カズは携帯を無視して、俺をじっと見ている。
「カズの携帯鳴ってる」
「いいよ無視して」
「いや、でも、なんか俺が気になる。
 メールじゃなくて電話だし急用とかじゃないの?」

カズは少し唇を尖らすと、ロフトを降りていき、
背広の内ポケットの携帯に出る。
途端にカズは怪訝そうな表情になった。

「どうしてこの番号知ってるんですか‥?」

番号を知らせていない人物の声だったらしく、
カズの空気がぴりっと緊張する。
通話相手に対し警戒心丸出し、という感じだった。

「そうですか。それで何の用ですか。
 今からそっちに来てほしい?
 ってこっちはもう関係ありませんから」

来てほしいと言われたらしく、
カズらしからぬ苛立った口調になっていた。
いらつきからか、カズの声のトーンがやけに低い。

そのカズが、何度もロフトを見上げる。
俺はいいから行ってくれば、と口パクで伝えると、
カズは困った顔になった。

もちろん、俺だってカズに傍にいてほしいし、
まったりとするこのムードで、好きだって伝えたかった。
だけど、それなりに急用あっての電話だろうし、
やっぱり、なんか俺が気になる。

カズは目を閉じながら溜め息をついて、
怪訝な表情をしたまま了解の返事をすると、
相手は納得したらしくようやく通話が終了した。

ばちん、と携帯を折り畳む擬音で、
少し怒っているのが俺に伝わってくる。
そのカズは、強く息をついてから俺を見た。
「ヒロごめん。ちょっと行ってくる」

ロフトを乗り出してカズへ服を渡す。
「うん、はいこれ」
「ありがとう」
手を伸ばして受け取ると、カズは着替えを開始した。

いいさいいさ、これくらい構わないさ。
用事はすぐだろうけど告白はいつでもできから。

スーツに腕を通してから、
カズはバッグを手にしてこう言った。
「夜、うちにこない?」
「え?何で?」

俺達は2連休とっていて仕事は明日夜からだった。
だから、行くのは構わないけど、
また夜に会って、カズはどうしたいんだろう。

「話の続き、うちで聞きたいんだ」
「‥ん、判った。
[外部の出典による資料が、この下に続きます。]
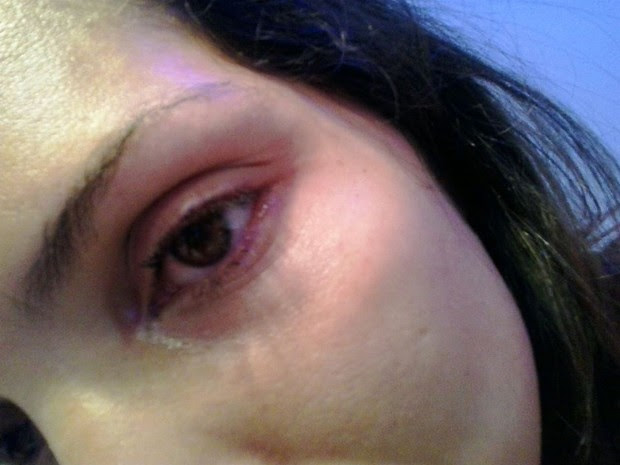 Lucilene fotografou olho inchado após briga (Foto: Arquivo Pessoal)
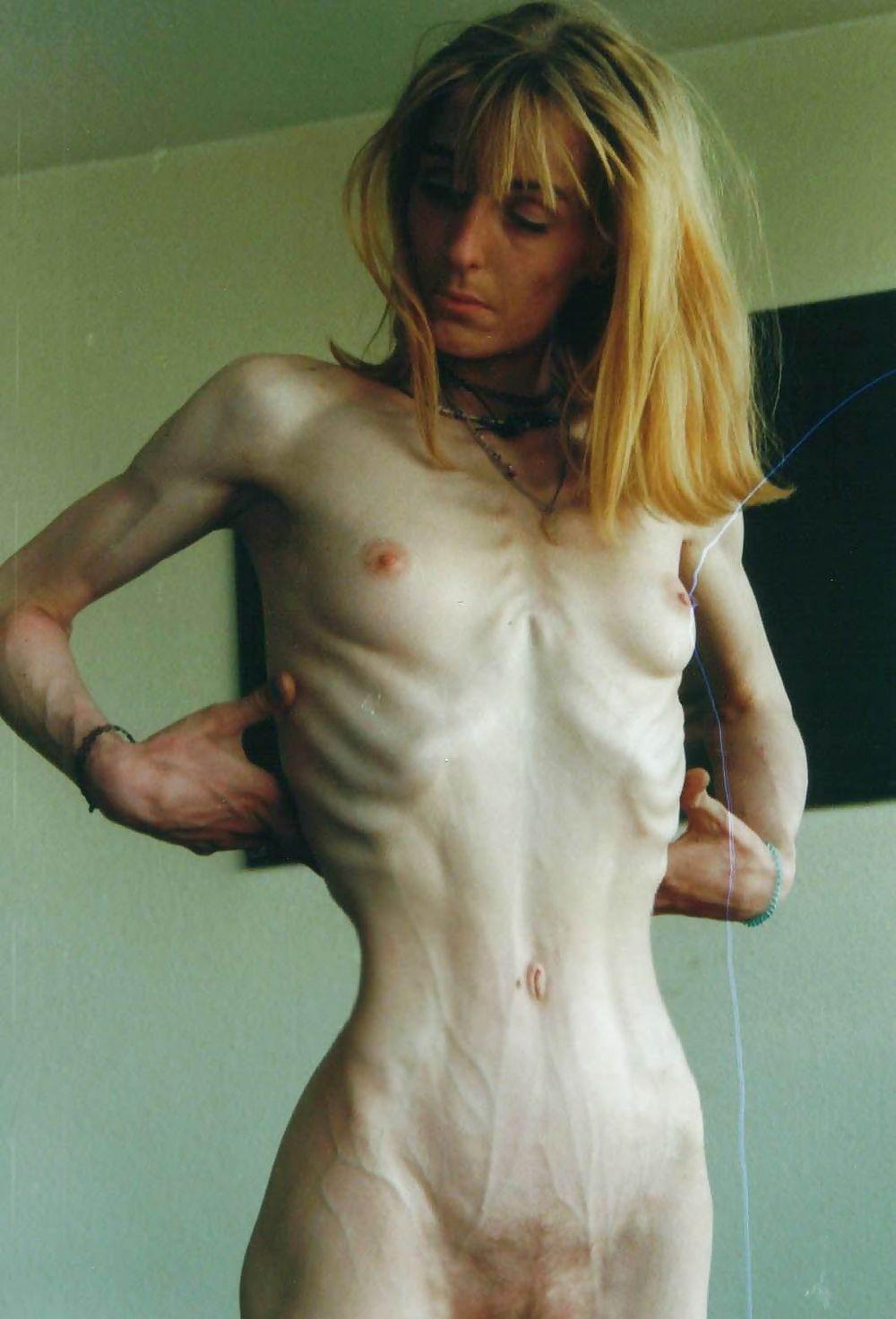 Claws reccomend anorexia nude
いってらっしゃい」

告白しようとしたことをカズに見抜かれていた。
俺は恥ずかしがりつつカズに手を降ると、
カズは手を振り返して、静かに部屋を後にした。

ばれてるなんて恥ずかしすぎるな、ちくしょう。

俺は頭を掻き、ゆっくり体を起こした。
とりあえず気を取り直して、朝ごはんでも食べるか。